We started with the no. 10: The kids learn all the "pairs" ie. 9 + 1, 8 + 2, 7 + 3, etc. But we use games to learn them.
One game is called clear the deck. You have....4, 5 or 6 cards of each digit - eg. 5 no. 1's, 5 no. 2,s etc.
You deal the numbers out (shuffled) in a grid of 4 x4 and the child then looks for the pairs that make up 10 and removes them. U then replace the cards until they are all gone.
Another game is snap - where instead of needing 2 no's the same you need the pair that makes 10.
You can draw fun diagrams on a whiteboard. Basically anything that is fun that engages the child.
Most important to the child is they are never made to feel like a failure, everything must be done in a 'safe' environment. Even for clear the deck game, maybe to start with you write all the pairs down so he can refer to it.....eventually these can be covered up.... but there must be no stress to the child.....the minute there is stress, do what is needed to remove it.
Next I work on pairs of 9,8,7,6,5,4.....
The leap the child makes in confidence and maths ability once learning these is tremendous.
Maybe your son sees these inately and when screwed down to explain perhaps doesn't have the words to explain and then frustration sets in and the door slams?
The pairs are probably already known by your son, but what these games may do is remove the mental block/door he has placed there and give him a renewed enjoyment of maths.
It may seem really, really basic but 'learning' these, or in your son's case, enabling him to allow these to come out will possibly open up a lot more to him and hopefully allow his true maths ability to flow.
If you do decide to try these I would love to know how you get on! :-)
All the best
If they know all these pairs then you can encourage them to do 6 + 7:
They will know 6 + 4 = 10. They will know 7 = 4 + 3.
So if we take the 4 from 7 and put it on the 6 we get 10.
They will know that if 7 is made up of 4 + 3, then if we take 4 we are left with 3.
This will give them 6 + 4 = 10, 10 + 3 = 13.
Another way is if they know all their doubles:
6 + 6 = 12 so 6 + 7 = 13
One thing I wonder about your son....
My son is innate with his maths too and he is turning 9 next week. He will have his own way of getting there, and if I try to teach him a different strategy he gets all agitated and switches off. So with him I have to just present the problem to him and leave him to solve it. Of course there are things he needs to be taught but it is just filling a gap that allows him to then continue his own natural progress.
With him, it is unnecessary and in fact detrimental to teach him all the different strategies as they do at school. What I try to do is teach him how to explain it in words to his teacher if they ask him how he does it.
Thanks for sharing all these cool ideas Sue2. I've just made up a set of number cards for 'clear the deck' because it seems like something that would appeal to both DS4 (HG) and DD3 (??) and it struck me that you could also use the same deck for a variety on the familiar picture game of 'Memory' with the pairs being those that add to X ( or for a real challenge change X mid-game!)

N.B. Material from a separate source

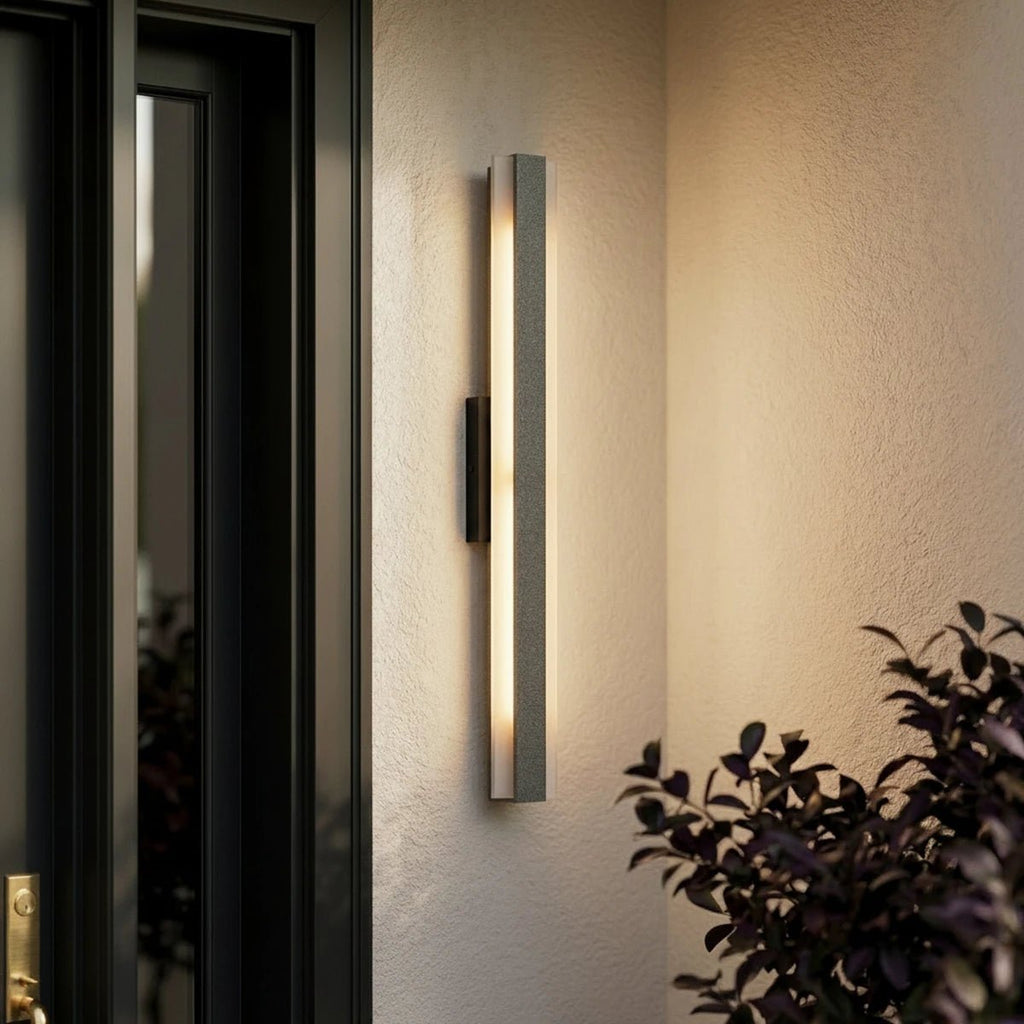 Linear Outdoor Wall Light with Remote Control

Sue2 this is a really effective strategy. Early days but he really enjoys it and has even taken to just doing it himself with no assistance, and then deciding he will to sums with three numbers to add up to 10 etc etc.
We played quiddler last night which is a card spelling game and you total up points and he adds well when he doesn't think it's maths but as soon as he sees that Maths work coming he shuts off.
We've just started using the Family Math book. We had to order it via amazon as we couldn't find it locally.
It's essentially a whole book full of maths games - some using cards, some dice, some toothpicks, some with gameboards in the book, some you make yourself... And it has been great. They give an indication as to roughly what level the game is aimed at, and the games are grouped together in general maths-topics - so geometry games are together, and logic/reasoning games are together etc etc.